** Opening Supplied information block **

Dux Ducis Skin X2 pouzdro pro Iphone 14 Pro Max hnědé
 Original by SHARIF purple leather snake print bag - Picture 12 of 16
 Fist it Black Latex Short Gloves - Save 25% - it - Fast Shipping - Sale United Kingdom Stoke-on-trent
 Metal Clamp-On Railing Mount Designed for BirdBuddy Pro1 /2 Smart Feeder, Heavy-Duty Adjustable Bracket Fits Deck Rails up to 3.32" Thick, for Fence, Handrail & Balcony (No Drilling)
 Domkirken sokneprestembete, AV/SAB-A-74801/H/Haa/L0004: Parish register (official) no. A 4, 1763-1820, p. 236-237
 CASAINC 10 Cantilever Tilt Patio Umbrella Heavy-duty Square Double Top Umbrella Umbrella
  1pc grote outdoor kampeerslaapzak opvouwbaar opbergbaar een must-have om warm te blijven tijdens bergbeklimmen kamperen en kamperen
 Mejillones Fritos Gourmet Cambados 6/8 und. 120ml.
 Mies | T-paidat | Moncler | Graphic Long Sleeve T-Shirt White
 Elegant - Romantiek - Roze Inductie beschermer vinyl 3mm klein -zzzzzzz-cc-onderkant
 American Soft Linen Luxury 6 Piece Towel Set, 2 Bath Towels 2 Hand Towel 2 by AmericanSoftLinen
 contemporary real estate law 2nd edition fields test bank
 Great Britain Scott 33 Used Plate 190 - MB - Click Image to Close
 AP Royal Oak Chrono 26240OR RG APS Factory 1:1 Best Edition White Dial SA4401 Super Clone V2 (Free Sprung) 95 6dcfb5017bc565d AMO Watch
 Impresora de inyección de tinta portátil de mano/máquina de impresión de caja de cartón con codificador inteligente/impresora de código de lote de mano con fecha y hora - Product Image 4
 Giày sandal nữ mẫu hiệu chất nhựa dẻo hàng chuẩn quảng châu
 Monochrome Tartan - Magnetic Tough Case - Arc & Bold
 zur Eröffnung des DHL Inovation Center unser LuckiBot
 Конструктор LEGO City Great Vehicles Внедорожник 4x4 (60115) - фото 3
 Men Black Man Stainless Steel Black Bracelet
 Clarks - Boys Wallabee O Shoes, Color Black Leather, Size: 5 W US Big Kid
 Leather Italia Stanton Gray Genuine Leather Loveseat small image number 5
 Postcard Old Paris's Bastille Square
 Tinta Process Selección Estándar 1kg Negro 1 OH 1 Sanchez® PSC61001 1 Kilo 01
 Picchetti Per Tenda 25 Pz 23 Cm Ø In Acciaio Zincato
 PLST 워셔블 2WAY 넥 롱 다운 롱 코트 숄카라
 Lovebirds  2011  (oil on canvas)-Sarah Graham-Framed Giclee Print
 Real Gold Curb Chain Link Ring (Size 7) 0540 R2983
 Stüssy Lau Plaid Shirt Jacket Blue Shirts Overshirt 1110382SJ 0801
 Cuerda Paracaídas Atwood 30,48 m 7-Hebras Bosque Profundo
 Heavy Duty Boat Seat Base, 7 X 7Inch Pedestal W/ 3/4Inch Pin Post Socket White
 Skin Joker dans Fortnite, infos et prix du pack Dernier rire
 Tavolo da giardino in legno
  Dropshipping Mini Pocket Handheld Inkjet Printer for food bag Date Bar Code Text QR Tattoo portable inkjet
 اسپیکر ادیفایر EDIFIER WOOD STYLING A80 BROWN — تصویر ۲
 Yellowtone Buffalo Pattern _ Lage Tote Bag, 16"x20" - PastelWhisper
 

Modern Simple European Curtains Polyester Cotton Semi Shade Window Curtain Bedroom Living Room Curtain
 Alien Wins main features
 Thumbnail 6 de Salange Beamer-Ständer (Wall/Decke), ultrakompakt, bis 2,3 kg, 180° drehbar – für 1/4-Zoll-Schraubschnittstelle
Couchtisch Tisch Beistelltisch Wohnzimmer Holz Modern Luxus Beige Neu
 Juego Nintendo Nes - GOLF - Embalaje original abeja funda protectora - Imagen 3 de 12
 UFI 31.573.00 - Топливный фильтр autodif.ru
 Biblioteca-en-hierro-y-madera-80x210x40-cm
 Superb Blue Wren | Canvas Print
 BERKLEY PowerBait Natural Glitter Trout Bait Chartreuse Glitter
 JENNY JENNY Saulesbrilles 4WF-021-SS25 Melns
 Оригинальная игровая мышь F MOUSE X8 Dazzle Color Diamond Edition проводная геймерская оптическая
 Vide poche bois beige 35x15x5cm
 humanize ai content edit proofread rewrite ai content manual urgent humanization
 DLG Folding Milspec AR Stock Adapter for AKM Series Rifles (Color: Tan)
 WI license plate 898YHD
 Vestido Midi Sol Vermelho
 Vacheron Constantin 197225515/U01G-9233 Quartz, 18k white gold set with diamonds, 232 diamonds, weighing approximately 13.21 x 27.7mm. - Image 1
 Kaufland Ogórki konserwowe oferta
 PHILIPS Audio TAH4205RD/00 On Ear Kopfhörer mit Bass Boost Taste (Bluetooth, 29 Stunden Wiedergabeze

** Closing Supplied information block **

[Exercise directions] Where the line containing "JENNY JENNY Saulesbrilles 4WF-021-SS25 Melns" appears in the records above, begin there and print every line through the last, exactly and with nothing else.

[Final answer]
 JENNY JENNY Saulesbrilles 4WF-021-SS25 Melns
 Оригинальная игровая мышь F MOUSE X8 Dazzle Color Diamond Edition проводная геймерская оптическая
 Vide poche bois beige 35x15x5cm
 humanize ai content edit proofread rewrite ai content manual urgent humanization
 DLG Folding Milspec AR Stock Adapter for AKM Series Rifles (Color: Tan)
 WI license plate 898YHD
 Vestido Midi Sol Vermelho
 Vacheron Constantin 197225515/U01G-9233 Quartz, 18k white gold set with diamonds, 232 diamonds, weighing approximately 13.21 x 27.7mm. - Image 1
 Kaufland Ogórki konserwowe oferta
 PHILIPS Audio TAH4205RD/00 On Ear Kopfhörer mit Bass Boost Taste (Bluetooth, 29 Stunden Wiedergabeze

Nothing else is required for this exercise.